> **Work instructions**:
An exact transcription is needed of the lines below from the one with "Pantalones cortos para" through the one with "2009 VOLKSWAGEN NEW", with no other lines and no pictures.

> **The data**:
- - - - -

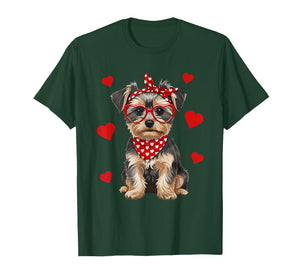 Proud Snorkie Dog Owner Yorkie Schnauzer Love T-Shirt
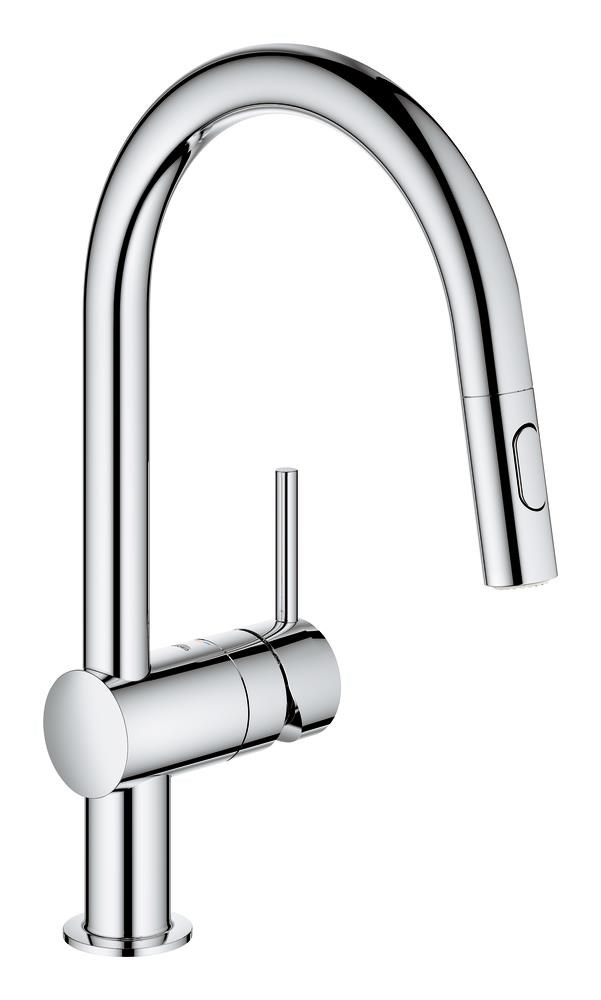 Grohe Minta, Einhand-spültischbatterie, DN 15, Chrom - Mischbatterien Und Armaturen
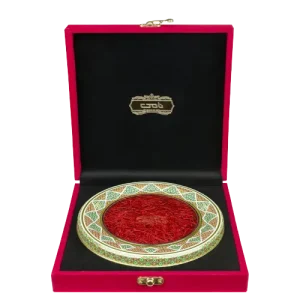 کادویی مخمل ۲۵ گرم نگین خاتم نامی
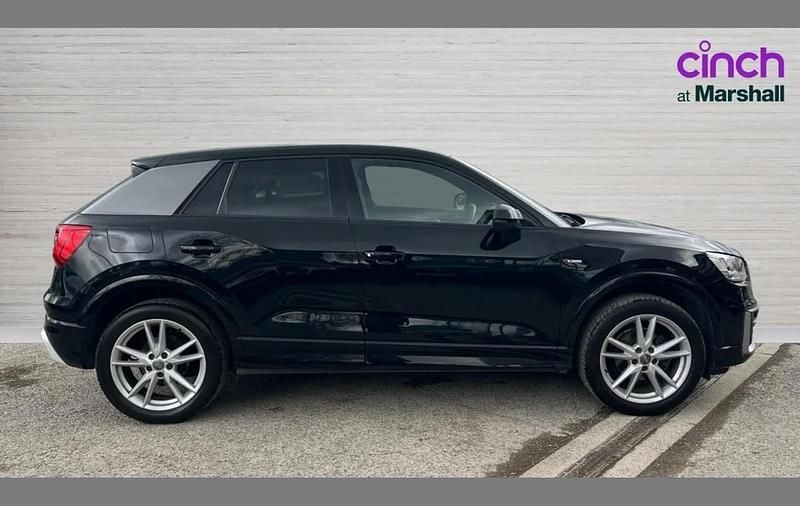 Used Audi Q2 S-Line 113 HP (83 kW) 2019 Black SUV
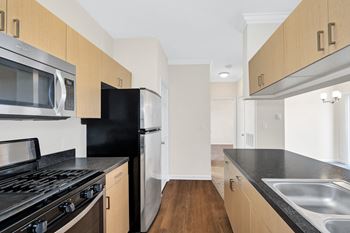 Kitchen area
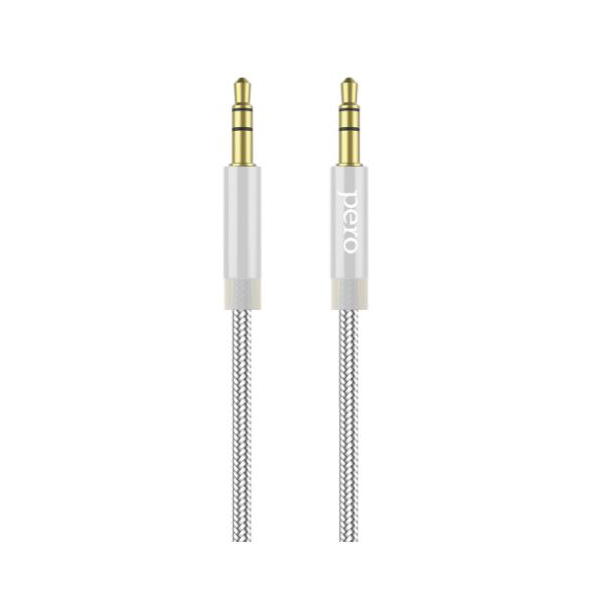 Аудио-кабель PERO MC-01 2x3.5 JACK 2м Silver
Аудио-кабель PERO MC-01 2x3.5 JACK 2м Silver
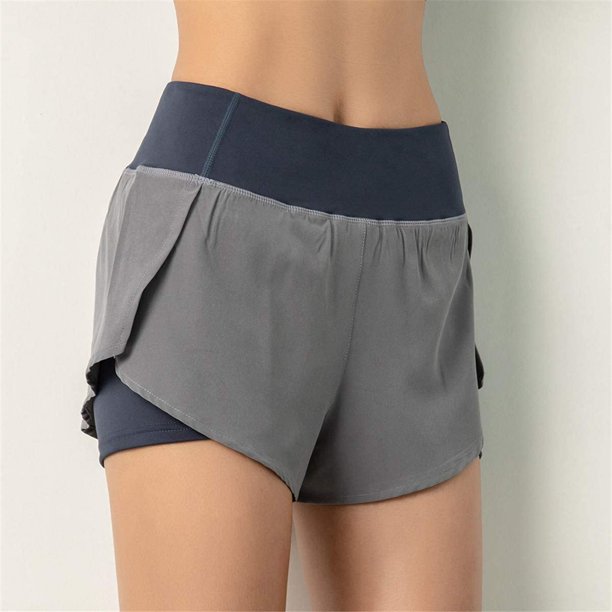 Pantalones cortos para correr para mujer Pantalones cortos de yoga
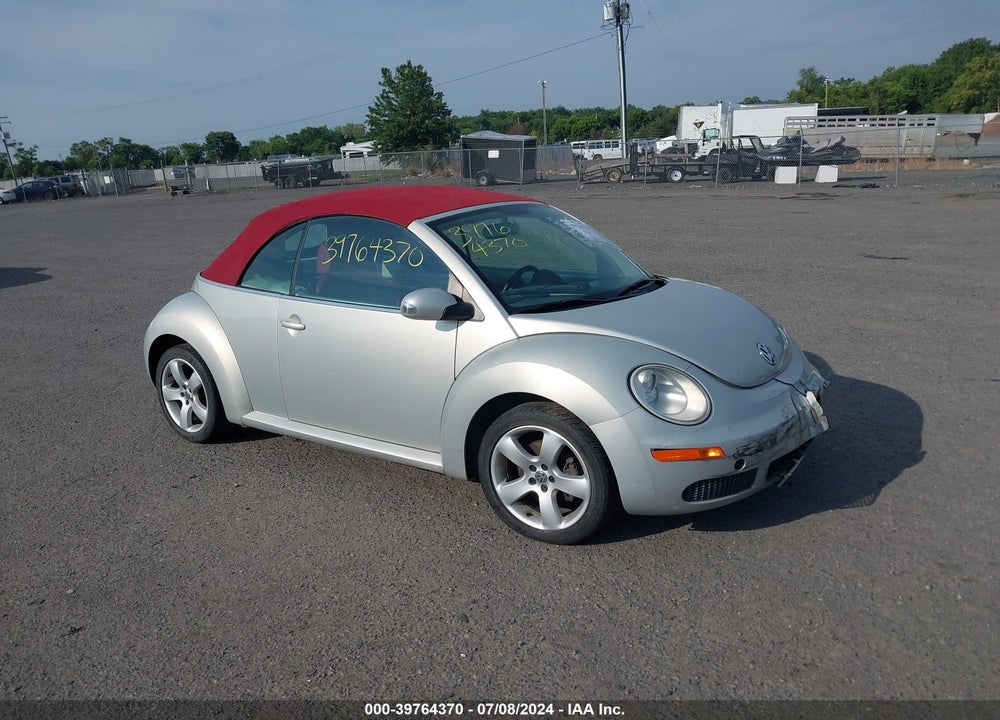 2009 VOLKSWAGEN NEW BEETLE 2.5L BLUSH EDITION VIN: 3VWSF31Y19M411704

- - - - -

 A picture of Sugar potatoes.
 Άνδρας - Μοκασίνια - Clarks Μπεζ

- - - - -

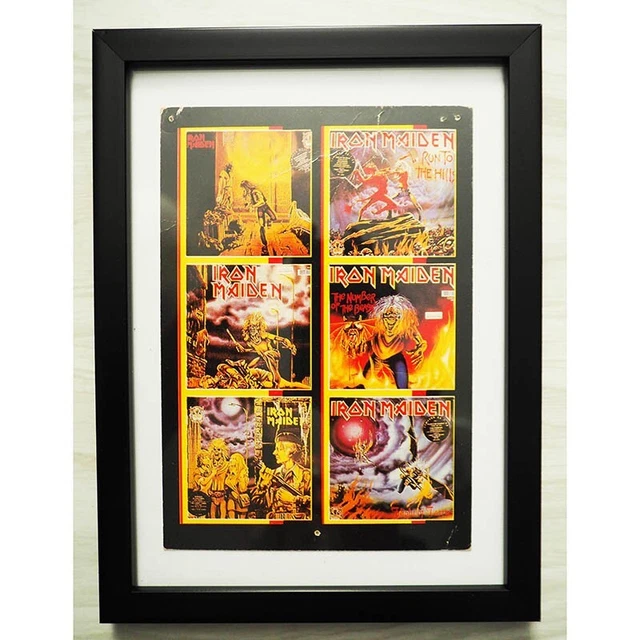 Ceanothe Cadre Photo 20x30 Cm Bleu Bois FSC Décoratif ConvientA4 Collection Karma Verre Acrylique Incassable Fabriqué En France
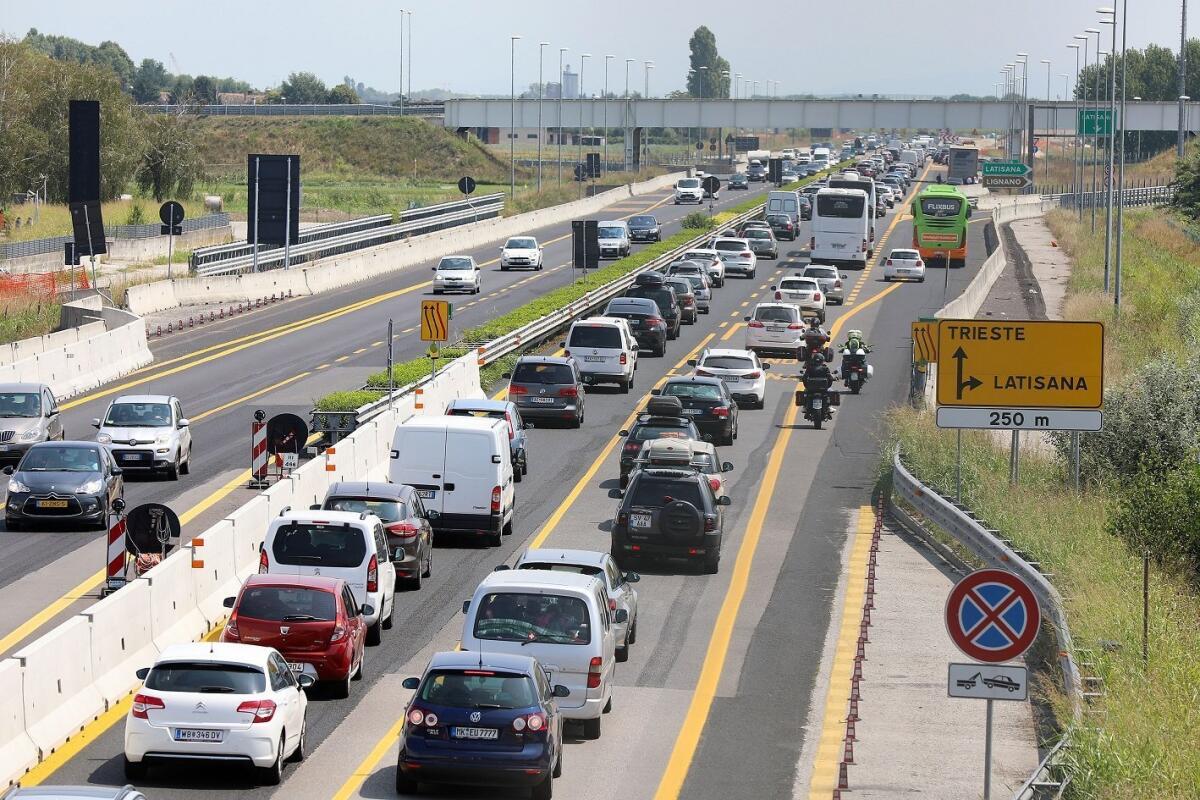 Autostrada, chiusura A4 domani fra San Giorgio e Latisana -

- - - - -

> **Solved exercise**:
 Pantalones cortos para correr para mujer Pantalones cortos de yoga
 2009 VOLKSWAGEN NEW BEETLE 2.5L BLUSH EDITION VIN: 3VWSF31Y19M411704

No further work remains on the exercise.